She reminded herself that despite his accomplishments and his excellent wardrobe, whatever he was in this world had cost lives on Second Earth. He should have been battling; instead he had made a lot of money and bought suits and hired security personnel. She knew without having to be told that he owned the whole damn building.

Even though she was drawn to him like cream to strawberries, and wanted to get a fold straight back to Second Earth … like now … she moved forward and extended her hand. “Hello, Marcus.” How strange it felt not to address him more formally as
Warrior
Marcus.

She watched his shoulders rise as he drew in a breath and took her hand in his. His clasp was warm and strong, the pads of his fingers fleshy, but she already knew that since she’d felt him in her dreams.

The reminder of what they had shared brought a warm flush to her cheeks. She drew her hand out of his. “I’ve come on behalf of … certain parties of interest to you.” She could hardly say
Madame Supreme High Administrator of Second Earth
in front of a dozen inquisitive sets of Mortal Earth ears.

He nodded. “Won’t you come up?”

“Yes, of course.”

He guided her to the elevators, his hand never far from the small of her back. She had a strong sense that if an attack came, he would pull her against him with one hand and with the other draw a weapon.

That she was the object of such protective instincts sent ripples of pleasure through her abdomen. Again, her body clenched even when she didn’t want it to. She wished just this once, while in his presence, she could
calm the hell down.

As the elevator doors closed and they were the only ones in it, she heard him grunt strangely, a sound followed by a very faint grinding. Teeth upon teeth?

A moment later the small space flooded with a cloud of fennel. She listed sideways, falling against the wall of the elevator. Worse followed when he clamped his arm around her waist to support her.

She gave a squeak and pushed his hand away. She took a step forward trying to create distance, a hopeless venture inside the stainless-steel box.

“Are you all right?” he asked, his voice low, husky, one resonant seductive thrall.

“Please don’t touch me again, Warrior.”

He backed away. In the shiny metal that surrounded the elevator buttons, she saw that he had moved into the far corner and stared at her from beneath hooded eyes. More fennel wafted around her.

Oh, God. Coming to Seattle was a serious mistake.

 

The wheel came from the land of Sumer as did the first vampire, Luchianne.

—From
Treatise on Ascension,
by Philippe Reynard

 

CHAPTER 5

 

Marcus had never suffered in quite this way before. When he knew, when he had sensed that Havily was in the building, his building, the building he owned, he had experienced desire, confusion, urgency. He had not thought much beyond his need to make sure she was safe and that his building remained secure.

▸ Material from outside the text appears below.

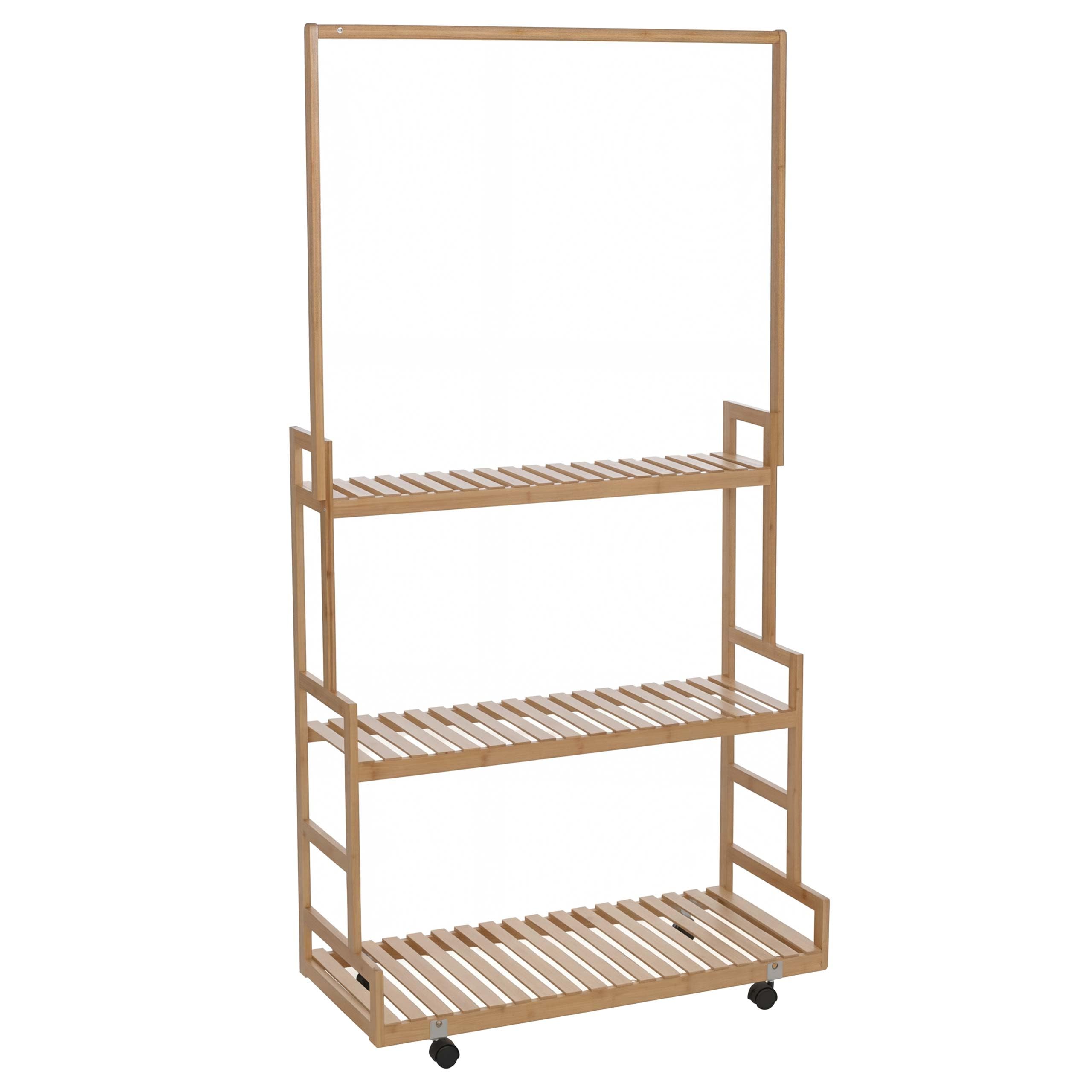 Mendler Bambus Pflanzenregal HWC-Q33 175x93x38cm - Natur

However, the moment he saw her, the moment he
smelled
her, the molecules in his body had realigned and sent every instinct in the direction of his groin and his need to bond with her. That absurd imperative had swamped him, screaming at him to get inside her, to release his seed into her, to take her blood, to penetrate her mind, all at the same time, to make her his, now and forever.

He knew she watched him from the reflection of the chrome plate around the elevator buttons, but did she have any idea how her honeysuckle scent now filled the shared space and worked his cock into a state of hard readiness?

He had a couch in his office. Hell, he had two. Fuck that. He had a glass desk the size of a small barge. He’d clear it with a sweep of his arm and throw her on her back. He’d …

He closed his eyes, flared his nostrils, and dragged her scent into his nose. One stroke, he’d come. Fucking
breh-hedden.

“Why the hell are you here?” left his throat in a hoarse mess.

“We … we have matters to discuss. You know we do and I want this …
thing
between us settled once and for all.”

And exactly how did she plan to do that? The image of her on her back and him on top made the only kind of sense.

When the doors opened he moved up behind her. He knew he crowded her but he couldn’t help it. His protective instinct was firing off missiles. He had his arm around her waist as he moved to the door to his suite.

He opened the door for her. He barely saw Jane as he ushered Havily into his office. He barked over his shoulder to his assistant, “We’re not to be disturbed. For any reason.”

“Yes, sir. Of course, sir,” returned in a sharp stunned whisper.

He shut the door and wasn’t surprised when Havily hurried past his desk to the opposite corner of the office near the windows. He watched her shoulders rise and fall rapidly.

Goddamn the
breh-hedden.
They were both held in a tight grip. Worse, the dreams had revealed exactly what she looked like naked, and that’s all he saw as he looked her up and down. He’d cupped her ass in his hands. She may be wearing a tailored navy wool suit, but he knew what her breasts looked like, felt like.

His scrutiny stopped at
tailored
and
wool.
She’d come from Phoenix in late June where it was hotter than Hades right now. So she must have dressed for … Seattle.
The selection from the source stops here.